To: Douglas Webb who wrote (5729)10/31/1997 11:22:00 AM
From: Vol  Respond to of 14162
 
doug and others,

i like the idea of writing puts at the bottom. pick a price you would buy at then sell puts at that price. one advantage over ccing is that at the bottom you immediately get a premie and only having one commish. this strategy could hurt during bear market or right before a correction, but if you bought the stock before either, you would get hurt and get NO PREMIE!

McMillan says puts are better b/c they require less margin and at the bottom puts are more expensive b/c neg sentiment. of course, calls are higher at the top b/c bull fever. seems like two good ways of riding these bucking broncos for max profit.

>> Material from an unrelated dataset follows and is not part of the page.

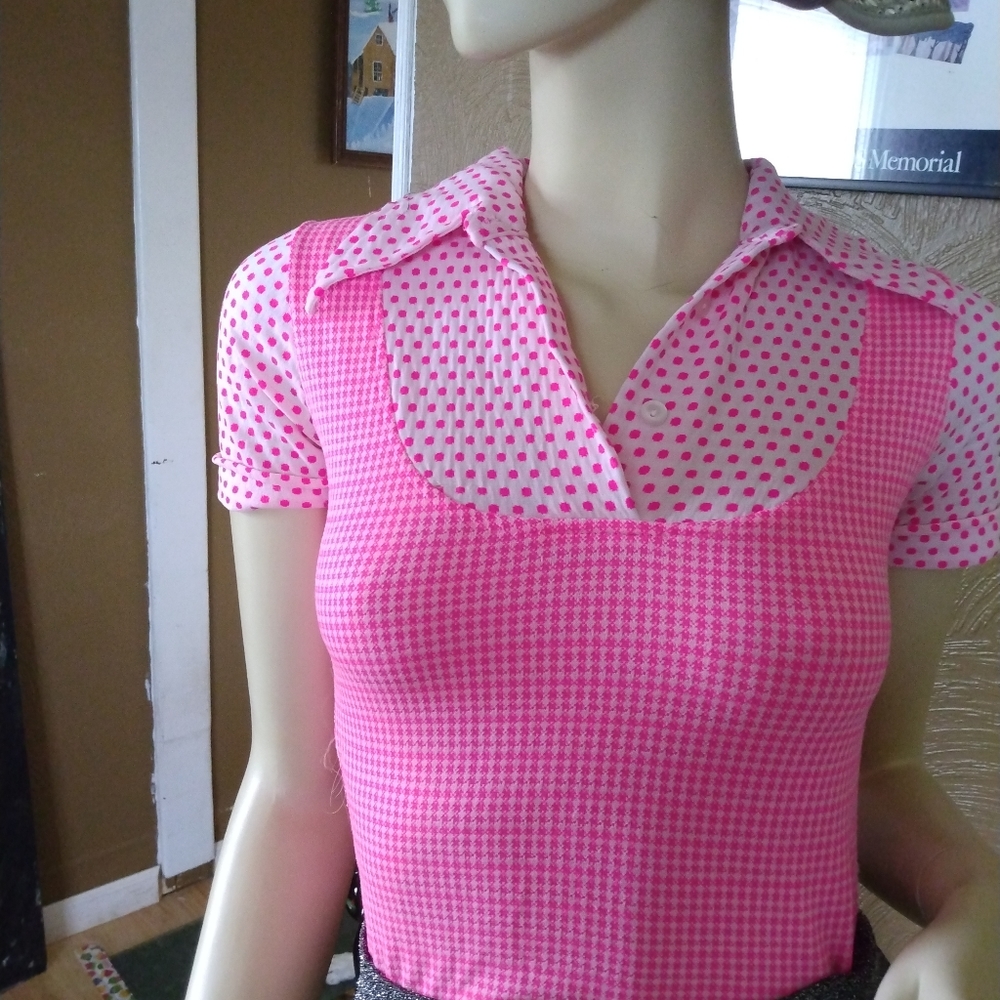 Pink bodysuit XS 60's stretch vintage retro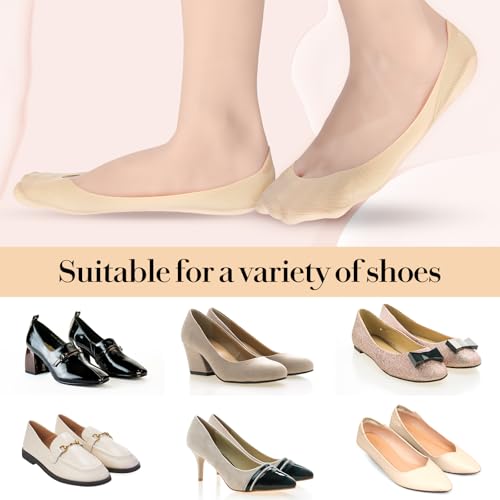 Image of Abeillo No Show Socks Womens, 5Pairs Non Slip Heel Ultra Low Cut Liner Socks for Women Size, Footies Invisible Socks for Flats (US Size 5-8) (Light Color)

i have yet to write a np, but will soon if market stabilizes. i've considered adjunct strategy for both cc and np selling:

1) sell np on dips and use some of the premie to buy OTM calls. also can buy stock.

2) sell cc on run up and buy prot puts with some of the premie. plus buy back np or just let it run out at expiration.

these are all variants of herm and steve strategies. maybe we could call them the "Heve" (heave) or "Sterm" (storm) maneuver <ggg>

vol



To: Douglas Webb who wrote (5729)11/1/1997 4:07:00 PM
From: Herm  Respond to of 14162
 
Doug,

In your second paragraph I think you meant to say write an in the money call. You indicated writing an in the money call at the bottom!

The interesting part about writing nake PUTs along with CCs is that the premies are larger when the bottom is near and the reversal is about to occur. The same is true for the tops!